What we really want is an optimal system: one that provides the best balance of technical performance, customer satisfaction, and utility financial success - the three legs of the electric utility success stool. Of these three success factors, the toughest one to achieve may be customer satisfaction. That may sound a little surprising because in the past we haven't, in general, heard much grumbling from utility ratepayers regarding system performance. In fact, we really haven't heard much from customers at all. As the old joke goes, for decades, the only communications most customers have received from their utility has been a bill in the mail or a turnoff notice.
That's all changing. Utility customers have been hearing about smart grid, alternative energy, rebates, subsidies – there was even the 2009 Super Bowl GE smart grid ad. The news media noise has been loud and ratepayers are fully alert, smarter and expecting something big.

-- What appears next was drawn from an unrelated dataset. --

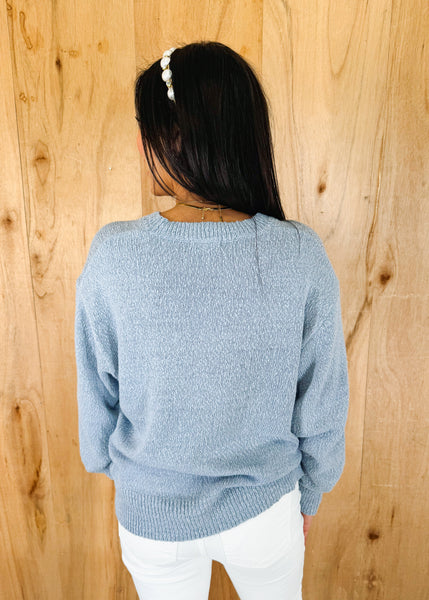 Waves And Salty Sweater in Stormy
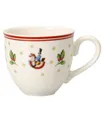 Produktbild: Villeroy Boch TOY'S DELIGHT Espressotasse Grün Rot Weiß Porzellan 70 ml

Those expectations are shown in the Reliability Demand Survey (RDS) on American attitudes toward electric power outages that found that ratepayers are becoming hypersensitive about outages. They won't excuse them except, possibly, for extreme weather.
Enlightened ratepayers are looking at what they're getting for their money and the pressure is on utilities to measure electric service quality from the customer's perspective. We're not quite there yet but we're making progress.

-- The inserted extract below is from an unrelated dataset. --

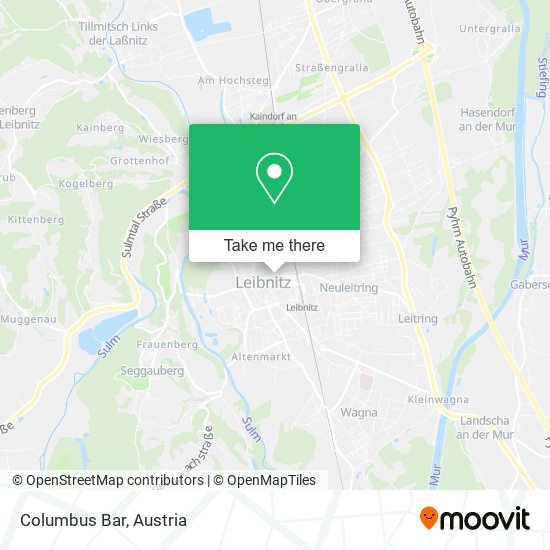 Columbus Bar map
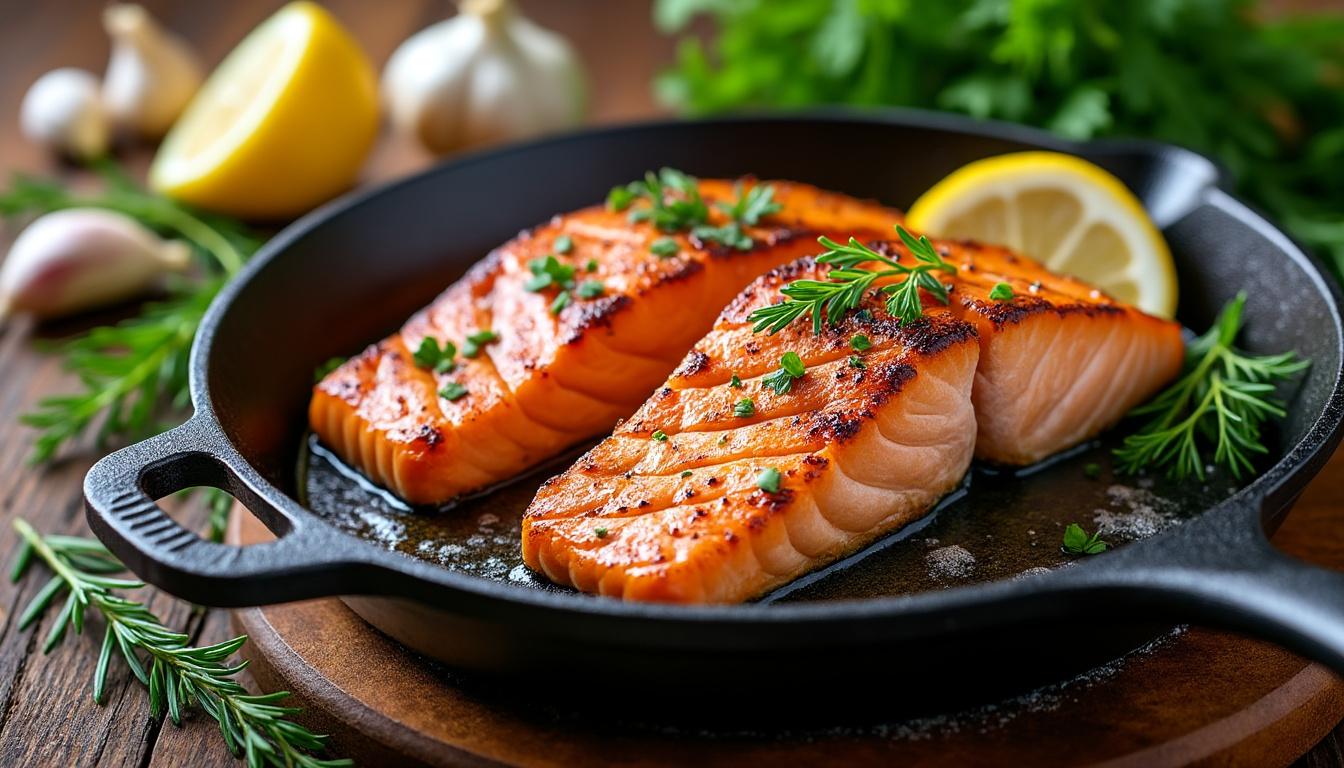 découvrez nos astuces pour réussir un saumon à la poêle savoureux et croustillant, parfait pour un repas délicieux et rapide.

For decades we have used a number of system performance indicators to measure a utility's power reliability from the system point of view:
SAIDI—System Average Interruption Duration Index—The average duration of sustained (minutes, hours, days) customer interruptions per customer over a specified period. It is the average time customers were without power. It is determined by dividing the sum of all sustained customer interruption durations, in minutes, by the total number of customers served.
CAIDI—Customer Average Interruption Duration Index—The average interruption duration of sustained interruptions for those customers who experience interruptions during the analysis period. CAIDI represents the average time required to restore service to the average customer per sustained interruption. It is determined by dividing the sum of all sustained customer interruption durations, in minutes, by the total number of interrupted customers.

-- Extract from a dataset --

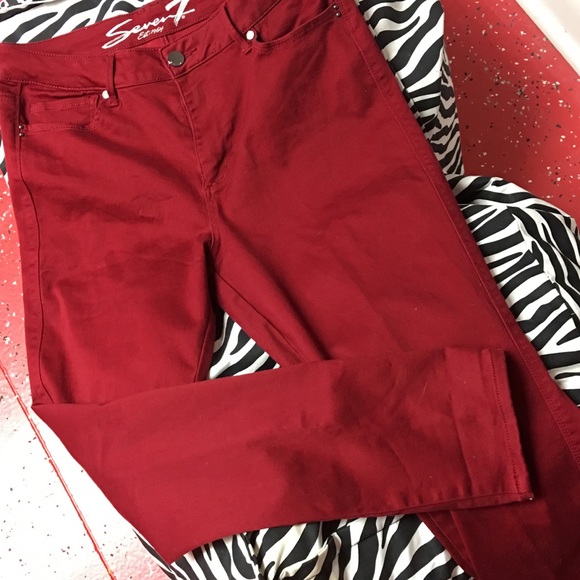 red seven jeans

SAIFI—System Average Interruption Frequency Index— the average frequency of sustained interruptions per customer over a specified period. It equals the total number of sustained customer interruptions divided by the total number of customers served.
MAIFI—Momentary Average Interruption Frequency Index—The average frequency of momentary interruptions (a few seconds duration) per customer over a specified period. It is calculated by dividing the total number of momentary customer interruptions by the total number of customers served.
I suspect that legacy reliability indices will continue to be used for rate approval and other regulatory oversight but there is a low key movement afoot in the industry to develop customer-centric performance indices that reflect service quality as perceived by the individual customer. These are particularly needed for commercial and industrial customers because there's a wide variation in customer tolerance to both outage frequency and outage duration. An example is the tolerance difference between a paper roller mill and a cold storage facility. The latter can tolerate short-term outages – seconds and minutes even, but generally not hours and certainly not days. On the other hand, some older roller mills can't tolerate any interruption, even momentary. Loss of power can result in loss of synch between rollers and a facility full of wasted product. At that point it doesn't much matter how long the power is off because it may take a day to start up again.
A section of the distribution system optimized for one of these customers probably won't meet the needs of the other and legacy reliability indices won't identify the issue.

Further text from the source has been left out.